··· RECORDED INFORMATION ···
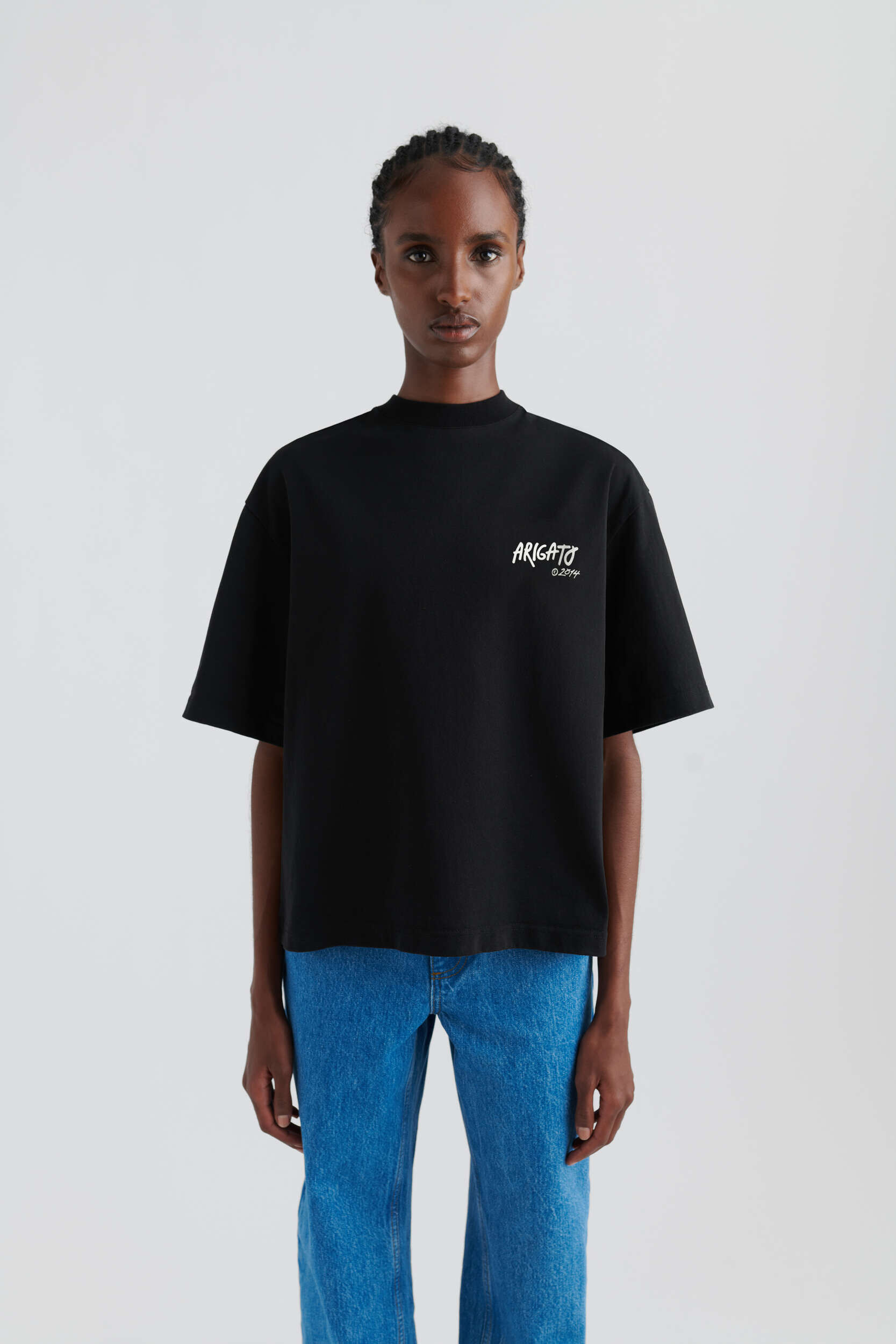 A dark-skinned model with cornrow braids wears a black short-sleeved t-shirt with 'ARIGATO ©2014' printed in white on the chest, paired with blue jeans, standing against a light background.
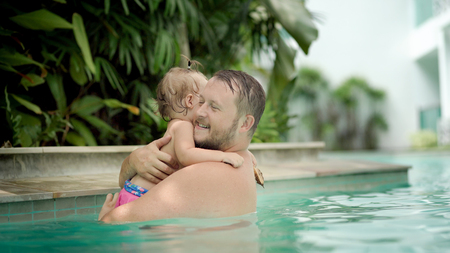 Cute little kid and his father having a swimming lesson in the pool. Father holds daughter in his arms and hugsの写真素材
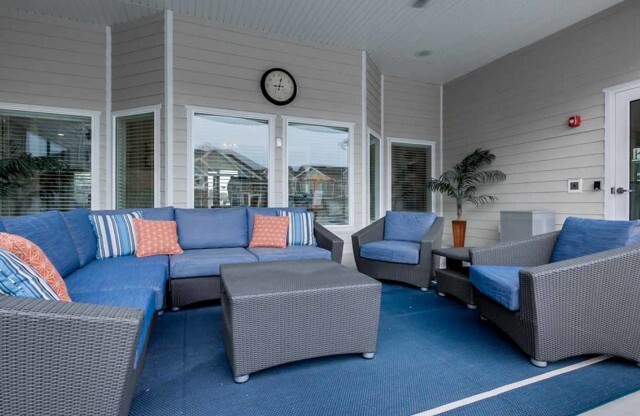 Sitting area outside of clubhouse with 1 L-couch and 2 chairs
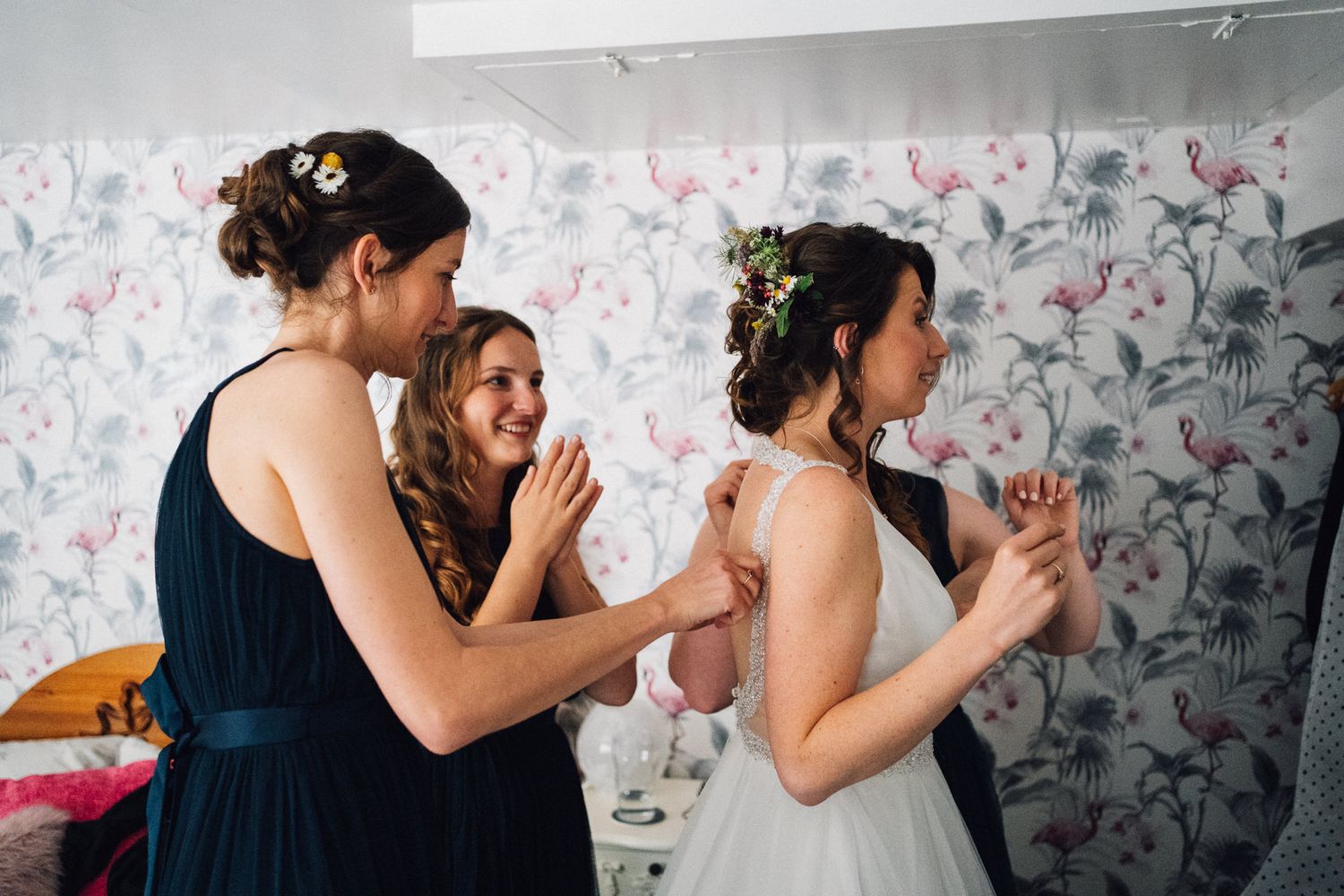 Wedding party members dancing and celebrating in a room with floral wallpaper.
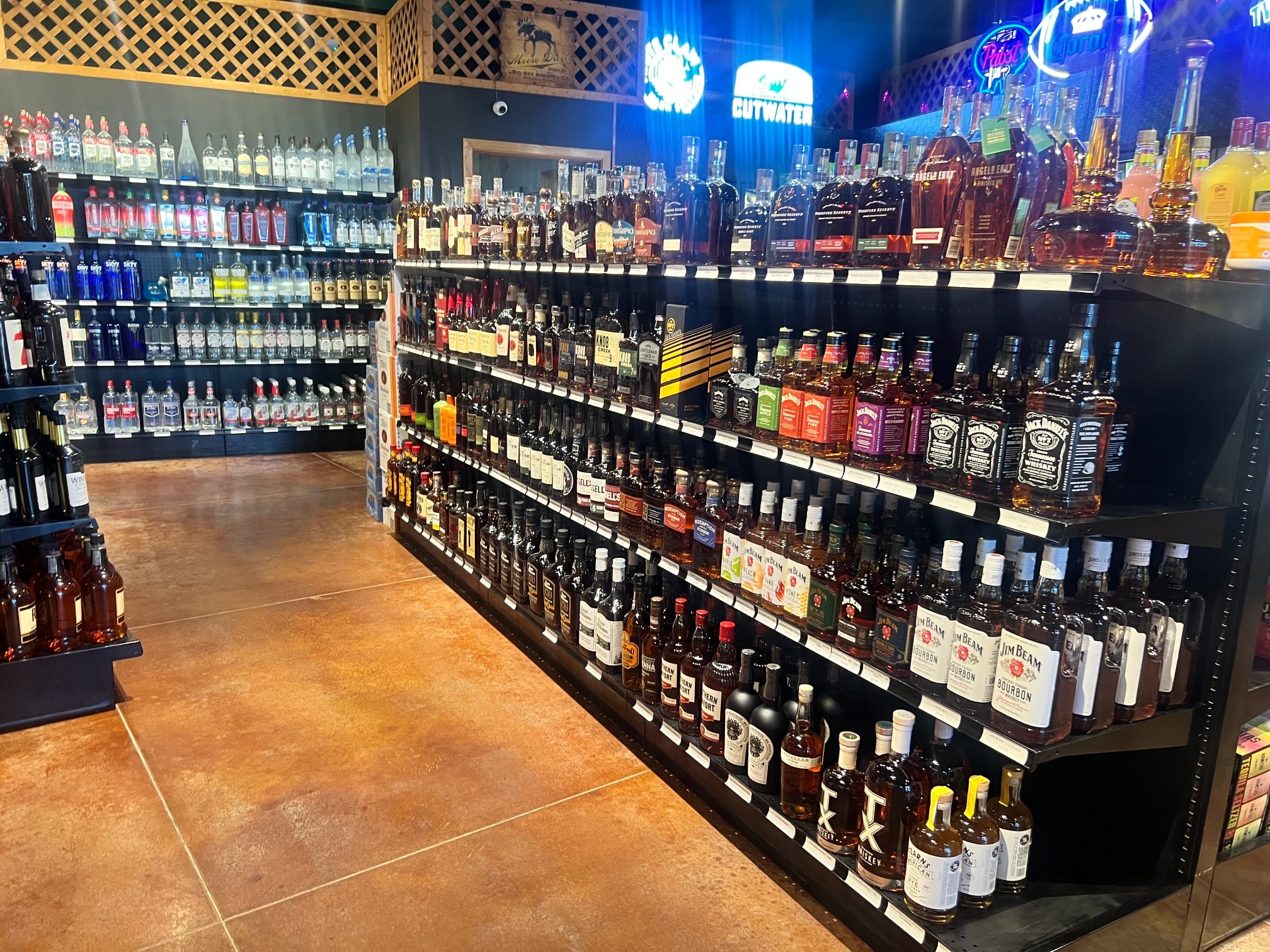 Spirits aisle with neon signs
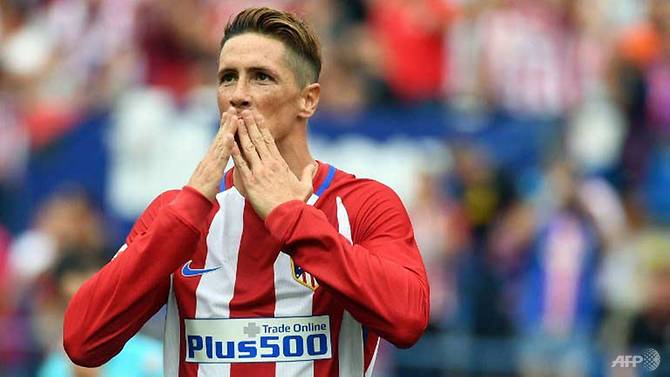 Torres extends Atletico deal for an extra year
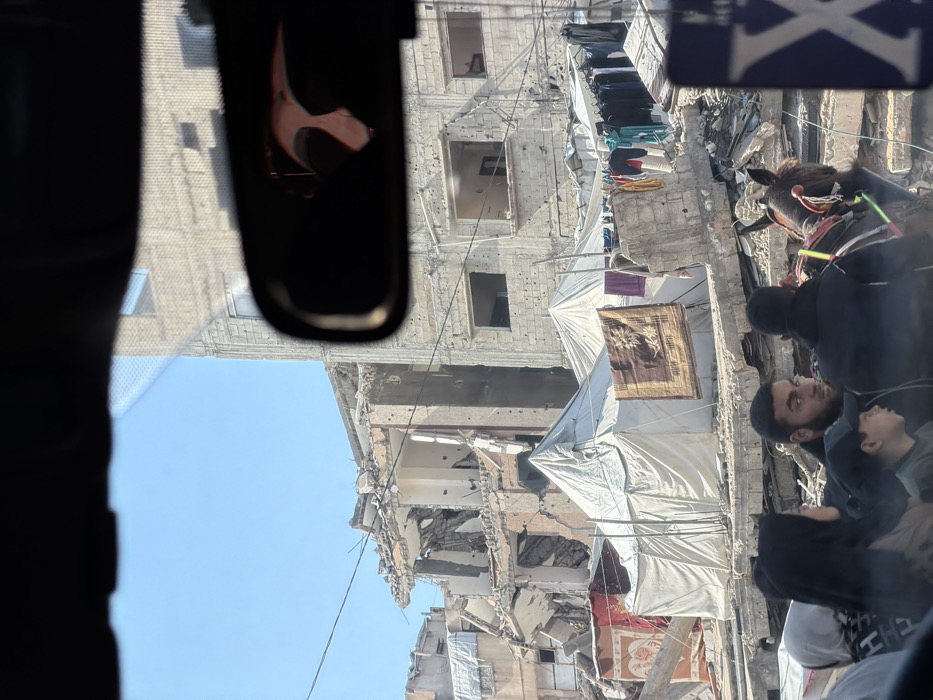 A damaged building, likely from conflict, dominates the view from inside a vehicle. The structure has visible holes and extensive debris. Makeshift coverings of white tarp are stretched across damaged areas. Clothes hang on lines strung between buildings. A group of people, including a man and a child, stand on the side. A dark object resembling a rearview mirror is visible in the foreground of the picture.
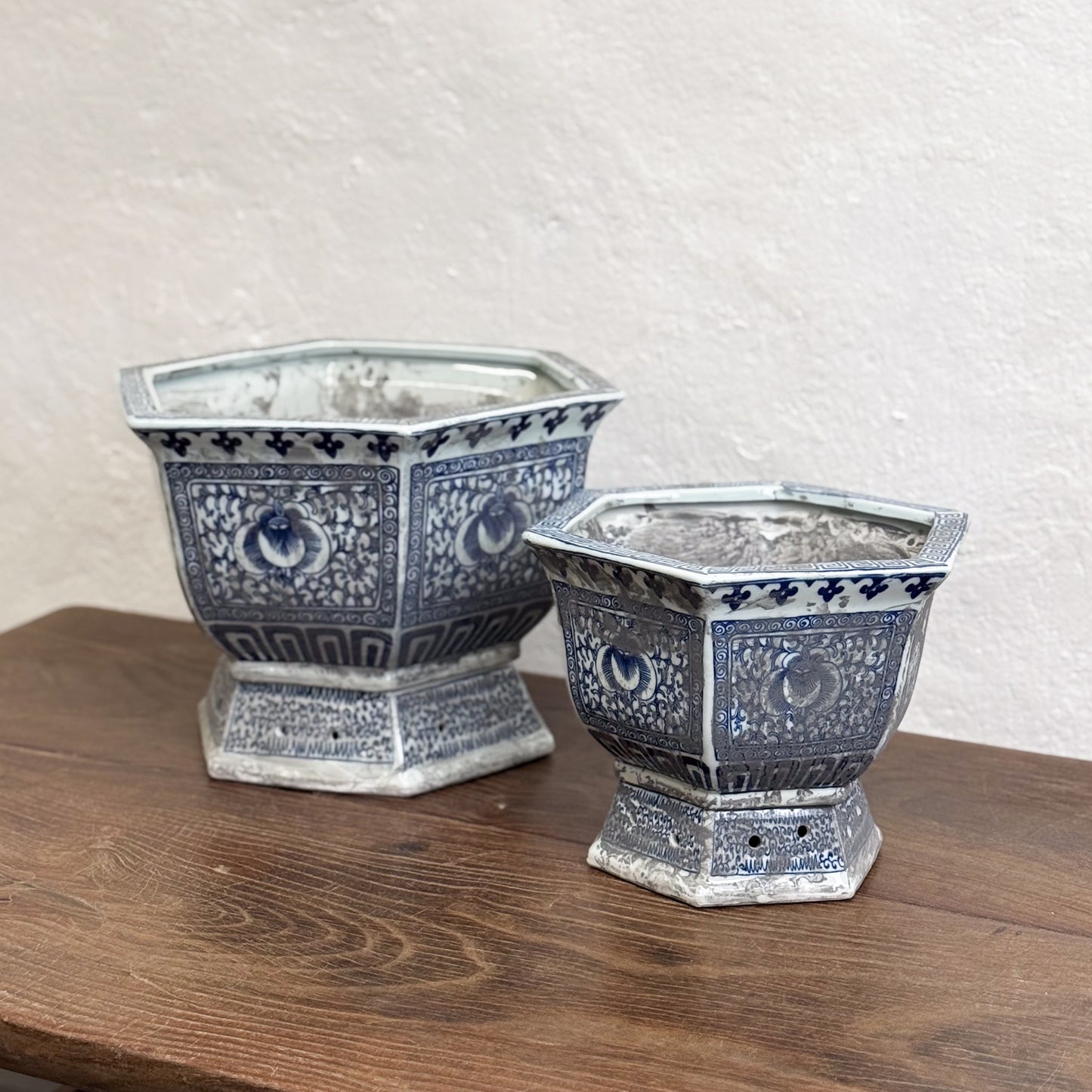 Two hexagonal porcelain planters with blue floral patterns on a wooden surface against a neutral background.
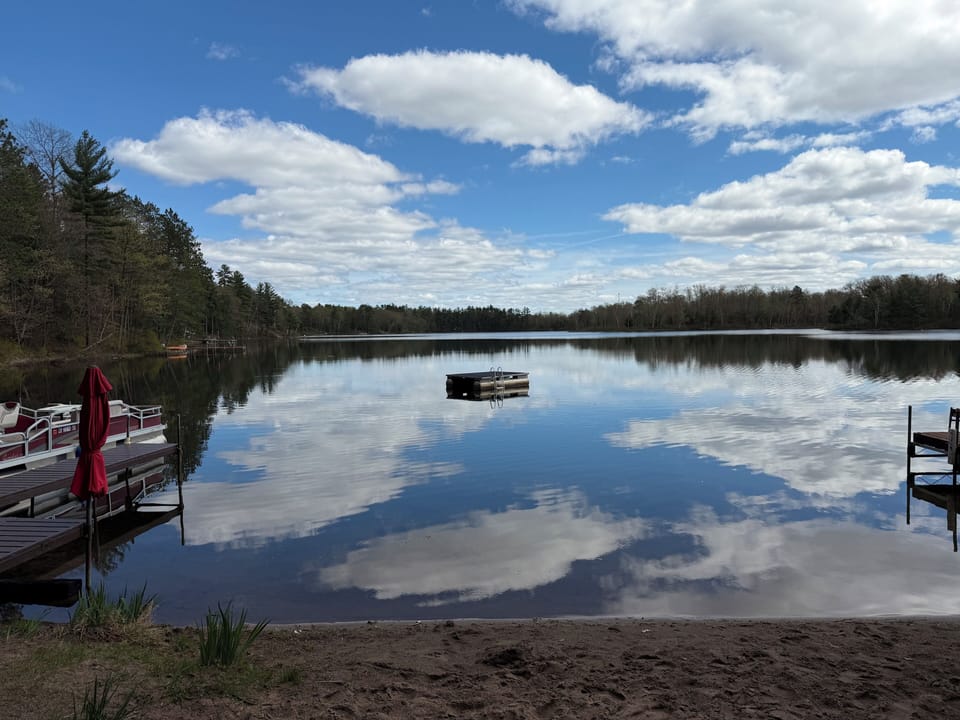 A sandy beach & pristine waterfront view, swim, fish, or a paddle await you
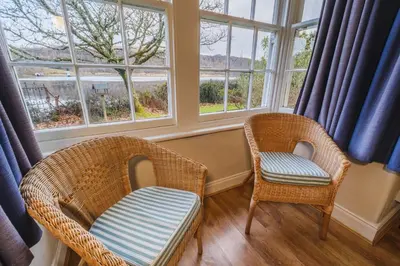 two wicker chairs sitting in a room with windows at Castle Cottage No 2 in Acharn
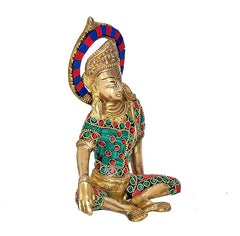Profile view of Indra Dev brass murti, seated with blue-red halo and green-red jeweled dress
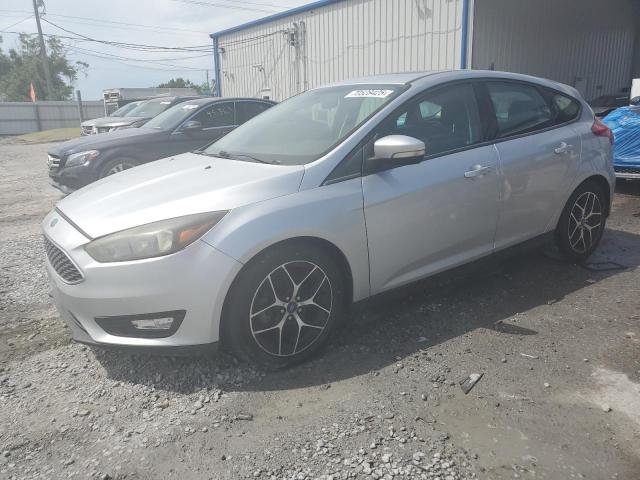 FORD FOCUS SEL 2017 with VIN 1FADP3M22HL312332 - Photo from auction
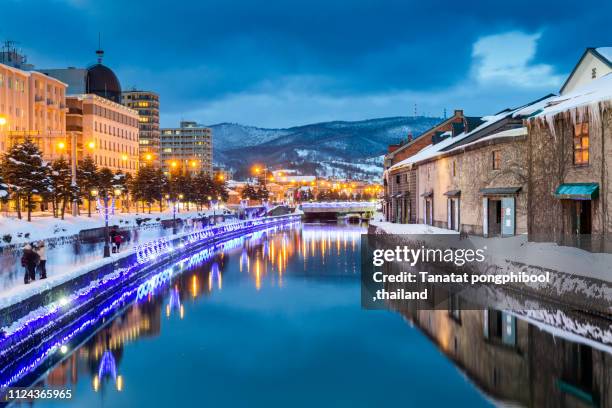 beautiful view of otaru canal at night, japan. - hokkaido city stock pictures, royalty-free photos & images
···
#### [YOUR GOAL]
Return only the lines running from the start of the entries above to the line that contains "A damaged building, likely", inclusive, and omit every picture.

#### [PROBLEM SOLUTION]
 A dark-skinned model with cornrow braids wears a black short-sleeved t-shirt with 'ARIGATO ©2014' printed in white on the chest, paired with blue jeans, standing against a light background.
 Cute little kid and his father having a swimming lesson in the pool. Father holds daughter in his arms and hugsの写真素材
 Sitting area outside of clubhouse with 1 L-couch and 2 chairs
 Wedding party members dancing and celebrating in a room with floral wallpaper.
 Spirits aisle with neon signs
 Torres extends Atletico deal for an extra year
 A damaged building, likely from conflict, dominates the view from inside a vehicle. The structure has visible holes and extensive debris. Makeshift coverings of white tarp are stretched across damaged areas. Clothes hang on lines strung between buildings. A group of people, including a man and a child, stand on the side. A dark object resembling a rearview mirror is visible in the foreground of the picture.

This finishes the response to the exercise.